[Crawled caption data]
※ ※ ※

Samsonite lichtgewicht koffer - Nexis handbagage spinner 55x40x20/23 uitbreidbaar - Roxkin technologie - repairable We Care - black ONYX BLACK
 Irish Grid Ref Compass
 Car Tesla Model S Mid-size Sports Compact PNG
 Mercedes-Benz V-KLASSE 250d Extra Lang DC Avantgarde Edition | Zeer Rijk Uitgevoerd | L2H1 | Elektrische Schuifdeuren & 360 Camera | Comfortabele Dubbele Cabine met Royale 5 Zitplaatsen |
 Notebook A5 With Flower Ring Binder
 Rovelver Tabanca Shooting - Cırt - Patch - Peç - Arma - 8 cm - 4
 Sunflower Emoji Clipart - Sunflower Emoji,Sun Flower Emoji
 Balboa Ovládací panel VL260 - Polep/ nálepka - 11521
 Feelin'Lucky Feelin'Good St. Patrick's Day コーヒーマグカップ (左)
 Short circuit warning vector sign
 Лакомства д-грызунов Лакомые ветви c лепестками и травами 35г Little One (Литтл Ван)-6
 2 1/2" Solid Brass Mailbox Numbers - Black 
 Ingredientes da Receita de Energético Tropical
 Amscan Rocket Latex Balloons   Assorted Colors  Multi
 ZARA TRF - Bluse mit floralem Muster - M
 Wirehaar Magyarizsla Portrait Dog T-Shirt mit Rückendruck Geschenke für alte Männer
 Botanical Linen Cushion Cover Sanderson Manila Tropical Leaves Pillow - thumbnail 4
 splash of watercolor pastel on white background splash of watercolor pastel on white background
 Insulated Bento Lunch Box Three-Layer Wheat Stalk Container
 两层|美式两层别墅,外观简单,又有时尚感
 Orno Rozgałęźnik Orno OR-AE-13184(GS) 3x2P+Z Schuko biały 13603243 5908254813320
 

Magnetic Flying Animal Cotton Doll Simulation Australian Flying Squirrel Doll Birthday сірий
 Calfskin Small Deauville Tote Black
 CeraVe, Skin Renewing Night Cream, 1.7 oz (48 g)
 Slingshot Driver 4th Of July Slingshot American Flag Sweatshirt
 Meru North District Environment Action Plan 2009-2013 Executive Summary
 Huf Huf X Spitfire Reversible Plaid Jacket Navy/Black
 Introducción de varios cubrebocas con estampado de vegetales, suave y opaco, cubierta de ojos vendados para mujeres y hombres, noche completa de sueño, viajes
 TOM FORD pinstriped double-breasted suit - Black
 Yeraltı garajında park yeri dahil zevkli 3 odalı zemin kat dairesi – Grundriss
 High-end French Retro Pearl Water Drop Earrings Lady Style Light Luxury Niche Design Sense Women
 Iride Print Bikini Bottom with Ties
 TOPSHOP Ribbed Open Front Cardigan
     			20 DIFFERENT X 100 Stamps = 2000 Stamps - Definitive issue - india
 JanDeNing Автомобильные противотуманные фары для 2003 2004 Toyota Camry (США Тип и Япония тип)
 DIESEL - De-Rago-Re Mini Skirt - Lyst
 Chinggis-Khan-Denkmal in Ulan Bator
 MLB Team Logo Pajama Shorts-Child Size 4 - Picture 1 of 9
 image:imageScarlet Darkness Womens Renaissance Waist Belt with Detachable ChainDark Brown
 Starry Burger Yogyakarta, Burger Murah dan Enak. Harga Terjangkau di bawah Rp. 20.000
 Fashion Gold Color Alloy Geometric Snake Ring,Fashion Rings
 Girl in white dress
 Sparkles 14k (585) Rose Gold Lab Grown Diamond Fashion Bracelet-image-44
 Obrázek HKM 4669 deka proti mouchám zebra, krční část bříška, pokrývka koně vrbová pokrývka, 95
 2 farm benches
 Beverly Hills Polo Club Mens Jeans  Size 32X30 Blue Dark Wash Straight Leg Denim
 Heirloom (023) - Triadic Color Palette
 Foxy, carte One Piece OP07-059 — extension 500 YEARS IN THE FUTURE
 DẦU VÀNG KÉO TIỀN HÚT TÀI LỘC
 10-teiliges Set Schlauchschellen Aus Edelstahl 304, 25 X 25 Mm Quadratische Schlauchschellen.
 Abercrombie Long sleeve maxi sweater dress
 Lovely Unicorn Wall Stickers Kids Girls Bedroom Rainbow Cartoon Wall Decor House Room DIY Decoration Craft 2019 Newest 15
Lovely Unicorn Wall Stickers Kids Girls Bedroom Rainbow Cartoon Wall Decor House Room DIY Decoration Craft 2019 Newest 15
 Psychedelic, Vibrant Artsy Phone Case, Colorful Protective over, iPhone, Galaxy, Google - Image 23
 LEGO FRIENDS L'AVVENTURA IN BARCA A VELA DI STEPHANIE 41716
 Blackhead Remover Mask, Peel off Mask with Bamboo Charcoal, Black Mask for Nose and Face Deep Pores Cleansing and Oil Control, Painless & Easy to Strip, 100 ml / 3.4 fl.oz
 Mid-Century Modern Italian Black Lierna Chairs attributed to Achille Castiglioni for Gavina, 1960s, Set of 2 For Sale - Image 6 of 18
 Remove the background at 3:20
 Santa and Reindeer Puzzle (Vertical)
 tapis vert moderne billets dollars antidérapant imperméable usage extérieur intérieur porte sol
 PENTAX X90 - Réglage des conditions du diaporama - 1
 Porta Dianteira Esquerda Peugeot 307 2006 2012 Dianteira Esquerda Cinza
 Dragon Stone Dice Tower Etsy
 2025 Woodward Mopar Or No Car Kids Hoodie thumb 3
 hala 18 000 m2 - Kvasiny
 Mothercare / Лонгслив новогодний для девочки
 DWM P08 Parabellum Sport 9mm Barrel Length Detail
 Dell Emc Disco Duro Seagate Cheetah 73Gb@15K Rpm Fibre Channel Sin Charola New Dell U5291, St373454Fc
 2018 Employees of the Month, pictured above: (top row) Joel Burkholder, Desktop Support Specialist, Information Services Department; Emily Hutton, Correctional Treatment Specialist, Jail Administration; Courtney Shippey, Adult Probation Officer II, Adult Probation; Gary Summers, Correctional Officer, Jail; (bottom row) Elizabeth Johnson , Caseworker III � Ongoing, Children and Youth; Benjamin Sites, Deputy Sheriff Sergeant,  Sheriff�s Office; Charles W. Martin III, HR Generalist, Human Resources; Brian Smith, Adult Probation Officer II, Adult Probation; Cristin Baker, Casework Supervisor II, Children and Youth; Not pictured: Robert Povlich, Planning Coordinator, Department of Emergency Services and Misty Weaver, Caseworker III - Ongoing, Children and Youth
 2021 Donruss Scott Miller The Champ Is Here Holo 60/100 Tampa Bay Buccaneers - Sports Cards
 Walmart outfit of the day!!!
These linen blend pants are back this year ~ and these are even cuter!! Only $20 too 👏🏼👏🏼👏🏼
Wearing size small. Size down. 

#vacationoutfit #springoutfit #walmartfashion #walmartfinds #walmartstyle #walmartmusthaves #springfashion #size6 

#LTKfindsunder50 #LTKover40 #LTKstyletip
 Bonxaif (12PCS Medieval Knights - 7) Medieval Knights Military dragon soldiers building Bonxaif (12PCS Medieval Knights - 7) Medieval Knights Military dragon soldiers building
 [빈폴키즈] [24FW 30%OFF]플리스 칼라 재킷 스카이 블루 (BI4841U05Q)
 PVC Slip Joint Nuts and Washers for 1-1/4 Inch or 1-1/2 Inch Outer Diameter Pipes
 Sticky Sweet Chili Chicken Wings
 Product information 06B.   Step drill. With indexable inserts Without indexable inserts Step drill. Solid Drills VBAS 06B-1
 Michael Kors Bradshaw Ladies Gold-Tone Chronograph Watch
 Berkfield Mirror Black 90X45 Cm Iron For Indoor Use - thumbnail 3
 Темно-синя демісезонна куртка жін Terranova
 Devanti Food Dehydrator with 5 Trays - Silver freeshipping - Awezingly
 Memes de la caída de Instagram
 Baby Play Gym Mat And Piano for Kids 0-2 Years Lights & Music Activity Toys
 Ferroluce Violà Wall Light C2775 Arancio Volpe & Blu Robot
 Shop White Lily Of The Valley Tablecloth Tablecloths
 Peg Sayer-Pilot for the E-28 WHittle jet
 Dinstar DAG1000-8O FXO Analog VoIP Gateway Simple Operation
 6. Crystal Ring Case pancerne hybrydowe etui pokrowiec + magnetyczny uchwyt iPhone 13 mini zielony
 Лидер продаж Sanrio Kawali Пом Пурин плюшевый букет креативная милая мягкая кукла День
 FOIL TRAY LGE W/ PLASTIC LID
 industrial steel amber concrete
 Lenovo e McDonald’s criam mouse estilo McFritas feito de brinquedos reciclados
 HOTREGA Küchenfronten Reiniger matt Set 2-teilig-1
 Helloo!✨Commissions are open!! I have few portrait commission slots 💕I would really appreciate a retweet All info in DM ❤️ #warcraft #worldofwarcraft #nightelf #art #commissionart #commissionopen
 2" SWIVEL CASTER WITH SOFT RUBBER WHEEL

※ ※ ※

EXERCISE OBJECTIVE:
Taking the lines above, repeat exactly those from the line that contains "#vacationoutfit #springoutfit #walmartfashion" through the line that contains "HOTREGA Küchenfronten Reiniger", and both of those lines as well. Include nothing else.

REPLY TO THE EXERCISE:
#vacationoutfit #springoutfit #walmartfashion #walmartfinds #walmartstyle #walmartmusthaves #springfashion #size6 

#LTKfindsunder50 #LTKover40 #LTKstyletip
 Bonxaif (12PCS Medieval Knights - 7) Medieval Knights Military dragon soldiers building Bonxaif (12PCS Medieval Knights - 7) Medieval Knights Military dragon soldiers building
 [빈폴키즈] [24FW 30%OFF]플리스 칼라 재킷 스카이 블루 (BI4841U05Q)
 PVC Slip Joint Nuts and Washers for 1-1/4 Inch or 1-1/2 Inch Outer Diameter Pipes
 Sticky Sweet Chili Chicken Wings
 Product information 06B.   Step drill. With indexable inserts Without indexable inserts Step drill. Solid Drills VBAS 06B-1
 Michael Kors Bradshaw Ladies Gold-Tone Chronograph Watch
 Berkfield Mirror Black 90X45 Cm Iron For Indoor Use - thumbnail 3
 Темно-синя демісезонна куртка жін Terranova
 Devanti Food Dehydrator with 5 Trays - Silver freeshipping - Awezingly
 Memes de la caída de Instagram
 Baby Play Gym Mat And Piano for Kids 0-2 Years Lights & Music Activity Toys
 Ferroluce Violà Wall Light C2775 Arancio Volpe & Blu Robot
 Shop White Lily Of The Valley Tablecloth Tablecloths
 Peg Sayer-Pilot for the E-28 WHittle jet
 Dinstar DAG1000-8O FXO Analog VoIP Gateway Simple Operation
 6. Crystal Ring Case pancerne hybrydowe etui pokrowiec + magnetyczny uchwyt iPhone 13 mini zielony
 Лидер продаж Sanrio Kawali Пом Пурин плюшевый букет креативная милая мягкая кукла День
 FOIL TRAY LGE W/ PLASTIC LID
 industrial steel amber concrete
 Lenovo e McDonald’s criam mouse estilo McFritas feito de brinquedos reciclados
 HOTREGA Küchenfronten Reiniger matt Set 2-teilig-1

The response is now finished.